Altro argomento “caldo” su cui si è focalizzata l’attenzione dell’economista riguarda l’istituto che è stato chiamato a guidare.

Nel dicembre 2013 lo studioso scriveva su La Voce.info che l’INPS ha tutte le conoscenze e gli strumenti per fornire ai lavoratori italiani una stima precisa della loro futura pensione secondo un rendiconto dei contributi versati.

“Tuttavia la scelta di partecipare a un fondo previdenziale integrativo, lavorare di più e accantonare più risorse viene ostacolata dal silenzio colpevole di Ministero del Welfare e Istituto di previdenza”. All’epoca capitanati da Enrico Giovannini e Antonio Mastrapasqua sotto il governo di Enrico Letta.

Un silenzio dettato dalla paura

Un comportamento, rileva Boeri, altamente nocivo per le persone che hanno maggiore esigenza di tali informazioni – lavoratori precari con carriere discontinue e retribuzioni basse – e irresponsabile per la solidità dell’assistenza pensionistica.
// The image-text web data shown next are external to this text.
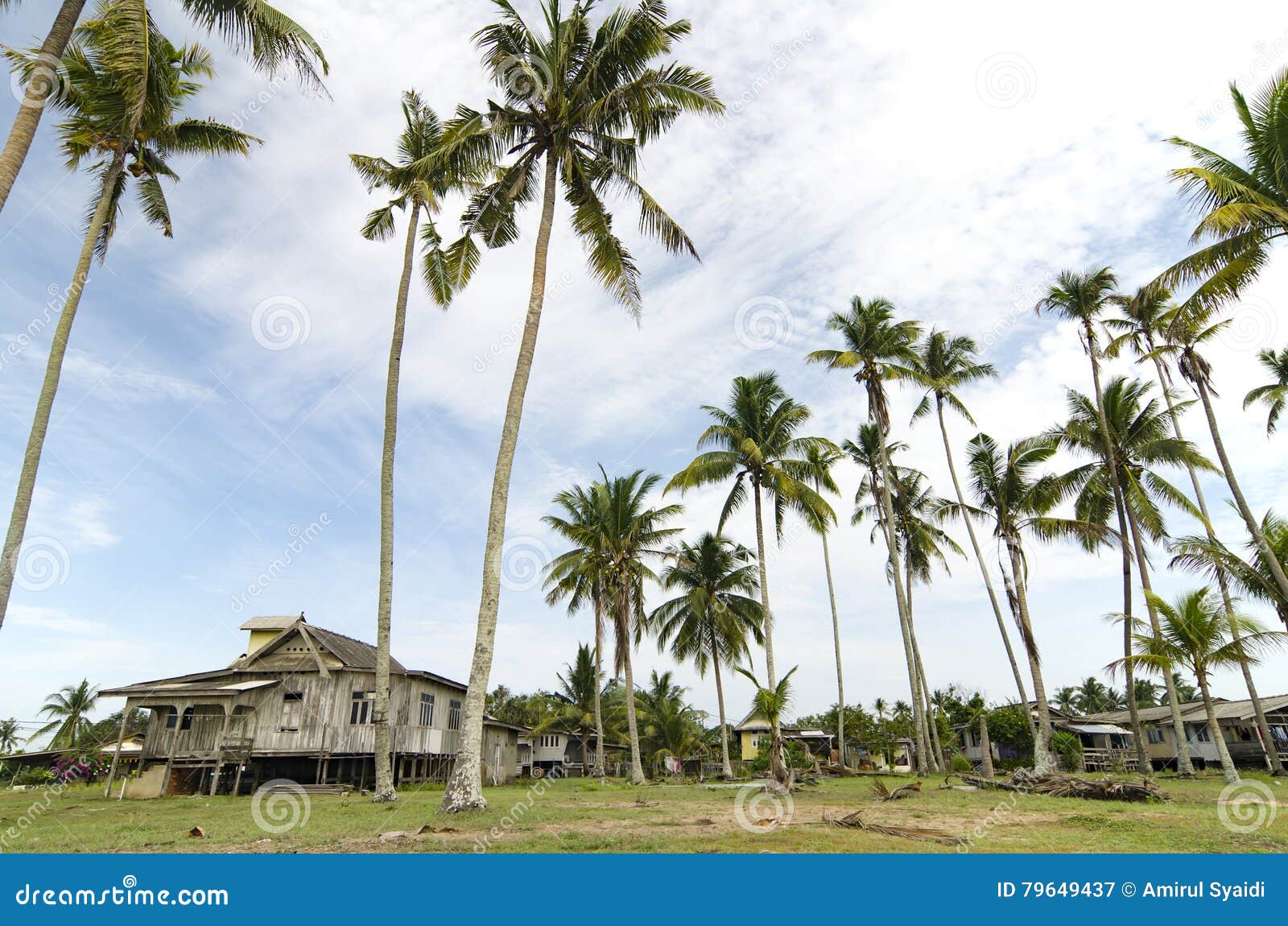 Beautiful Village Scenery Located in Terengganu, Malaysia. Stock Image ...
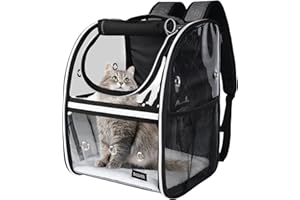 BAGLHER Cat Carrier Backpack, Airline Approved Pet Travel Carrier with Fleece Pad for Puppy and Small Animals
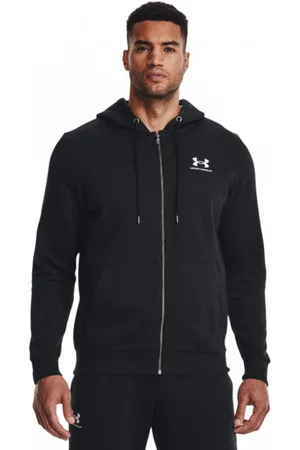 Under Armour Męska bluza dresowa rozpinana z kapturem UA Icon Fleece FZ Hood - czarna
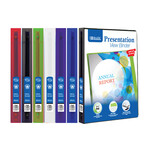 BAZIC BAZIC 1/2" Poly 3-Ring Presentation View Binder w/ Pocket [3130]
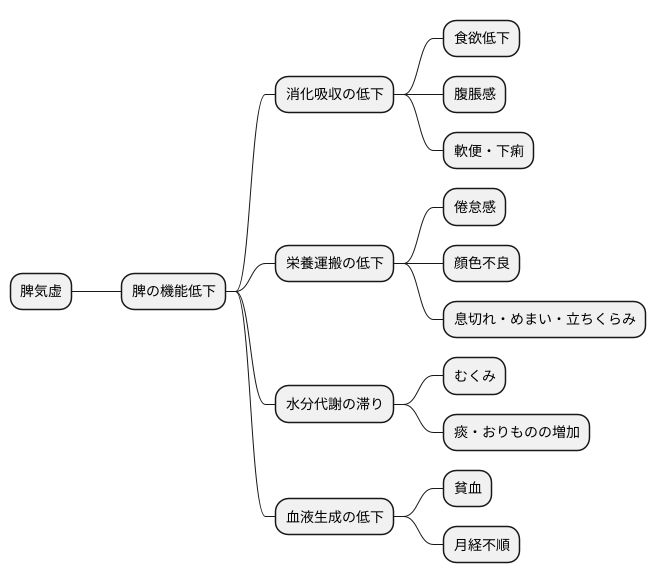 脾気虚の症状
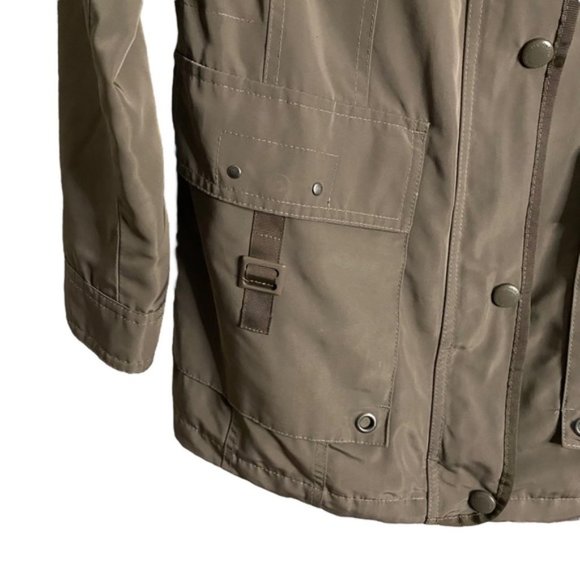 London Fog Unisex Green Full Zip Casual Jacket - Picture 4 of 12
Perché lo Stato sarà costretto a intervenire per fronteggiare le condizioni di indigenza derivanti da un calcolo errato e poco lungimirante.

Un atteggiamento, rimarca l’economista, provocato dal timore per le ripercussioni politiche negative delle riforme che hanno reso meno generoso il sistema: “O dalla paura di svelare le grandi disparità di trattamento consumate nel passaggio dal metodo retributivo a quello contributivo”.

STAFFETTA GENERAZIONALE?

Un ulteriore capitolo al centro delle riflessioni critiche di Boeri è la “staffetta generazionale” proposta dal governo Letta nel maggio 2013. Per cui ai lavoratori con più di 60 anni sarebbe consentito di passare da un regime di impiego a tempo pieno a uno a tempo parziale con riduzione di stipendio ma non dei trattamenti previdenziali. Contropartita per le imprese è un calo delle ore lavorate e del monte salari. Il 40 per cento dei quali può essere utilizzato per assumere un giovane.

Meccanismo che allo studioso ricorda le politiche europee del mercato del lavoro in voga negli anni Settanta e Ottanta: “Strategie fallimentari che hanno provocato un aumento generalizzato della disoccupazione a causa del forte incremento dei contributi previdenziali richiesto e della conseguente crescita del costo del lavoro”.

La giusta staffetta generazionale

Favorire l’occupazione giovanile, femminile e degli anziani – scrive l’economista – passa per il superamento del dualismo nel mercato del lavoro, per il taglio della pressione fiscale sul lavoro e per gli incentivi della produttività.
L’accordo “inter-generazionale” prospettato dall’animatore de La Voce.info prevede un calo significativo dei benefici previdenziali per chi detiene una pensione di anzianità e ha goduto di tassi di rendimento elevati sui contributi: “Le risorse risparmiate potrebbero essere utilizzate per finanziare crediti di imposta e sussidi vincolati all’impiego di lavoratori a basso reddito”.